WHAT TO WORK ON:
Below is a listing. Quote from it, exactly, the lines from the one containing "GUM - 202RK" down to the one containing "Kinetic Yard Sculpture", both ends included, and nothing else.

RECORDED DATA:
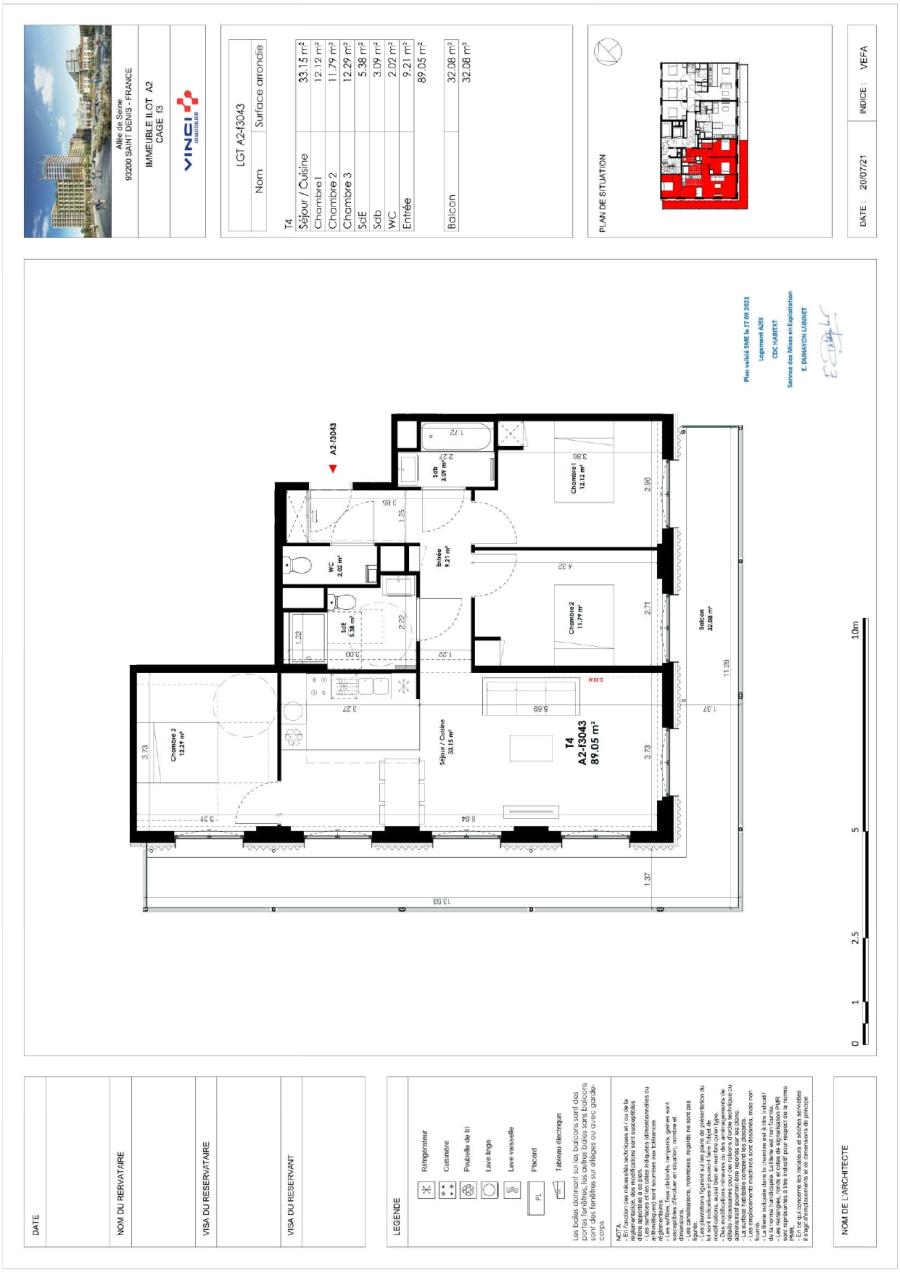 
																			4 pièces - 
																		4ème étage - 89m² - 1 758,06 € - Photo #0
...
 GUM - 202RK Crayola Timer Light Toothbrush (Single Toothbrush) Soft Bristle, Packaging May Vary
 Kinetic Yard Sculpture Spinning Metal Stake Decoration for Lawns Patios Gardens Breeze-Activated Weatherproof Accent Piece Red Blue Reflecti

YOUR RESPONSE:
 GUM - 202RK Crayola Timer Light Toothbrush (Single Toothbrush) Soft Bristle, Packaging May Vary
 Kinetic Yard Sculpture Spinning Metal Stake Decoration for Lawns Patios Gardens Breeze-Activated Weatherproof Accent Piece Red Blue Reflecti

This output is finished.